Harry Vanderspiegle is a physician in the small American town of Patience. He also happens to be an alien pilot stranded on Earth who’s made friends with the local populace while waiting for rescue, among them the shaman Dan Twelvetrees and his daughter Asta. Dan understands all too well what it feels like to be different and still try to be “normal”, one reason he has become Harry’s confidant. Harry’s survival trainer warned against this and when a little girl sees through his telepathic camouflage and draws a picture of her favourite Doctor Harry, it threatens his safety and sends him into panic. Toying with the idea of leaving Patience he happens to see a documentary about a mysterious artist named Goliath. In his paintings are mysterious symbols Harry can read. Intrigued Harry and Dan travel to New York to investigate the artist’s disappearance but will they find answers to their questions or walk into a trap?

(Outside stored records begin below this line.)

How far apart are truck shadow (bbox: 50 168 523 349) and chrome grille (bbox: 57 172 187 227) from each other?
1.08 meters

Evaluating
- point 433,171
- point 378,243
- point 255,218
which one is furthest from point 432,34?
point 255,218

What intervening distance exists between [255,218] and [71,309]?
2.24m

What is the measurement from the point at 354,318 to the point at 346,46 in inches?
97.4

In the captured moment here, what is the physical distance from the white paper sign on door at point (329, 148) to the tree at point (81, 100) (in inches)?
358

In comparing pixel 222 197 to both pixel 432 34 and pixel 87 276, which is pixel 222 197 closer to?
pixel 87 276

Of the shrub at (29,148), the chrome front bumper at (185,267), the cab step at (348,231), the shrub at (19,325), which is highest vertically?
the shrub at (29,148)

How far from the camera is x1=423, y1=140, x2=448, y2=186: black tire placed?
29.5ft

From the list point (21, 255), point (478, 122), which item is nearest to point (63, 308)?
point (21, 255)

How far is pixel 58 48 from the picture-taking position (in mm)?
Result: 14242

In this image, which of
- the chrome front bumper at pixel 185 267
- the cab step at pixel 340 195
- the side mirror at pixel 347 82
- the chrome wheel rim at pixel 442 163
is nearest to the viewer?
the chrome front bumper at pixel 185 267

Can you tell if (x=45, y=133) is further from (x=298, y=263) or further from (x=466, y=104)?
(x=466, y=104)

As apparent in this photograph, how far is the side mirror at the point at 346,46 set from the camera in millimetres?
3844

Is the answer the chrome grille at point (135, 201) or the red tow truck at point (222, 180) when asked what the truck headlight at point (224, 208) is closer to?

An Alien in New York is the fifth volume of Peter Hogan’s and Steve Parkhouse’s avant-garde science fiction series. Compared to previous books this is a deeply personal tale, Hogan weaving in his own experiences as a young man living in New York, and artist Parkhouse illustrating them so beautifully that the memories feel as if they are the reader’s own. It’s also a reflection on immigration, an emotive issue in the United States, Hogan looking at it through the eyes of an immigrant. While it isn’t an angry swipe at establishment neither does it whitewash the struggles of immigrants and examines the reasons people look for a better life elsewhere, something Parkhouse brings to life. It is sensitively handled with an honest recognition that it is easier for some than for others. The narrative is interspersed with little nods to art and artists, music and musicians and all the people met during Hogan’s time in the Big Apple, the writer’s passions adding an emotional depth that is easy to relate with.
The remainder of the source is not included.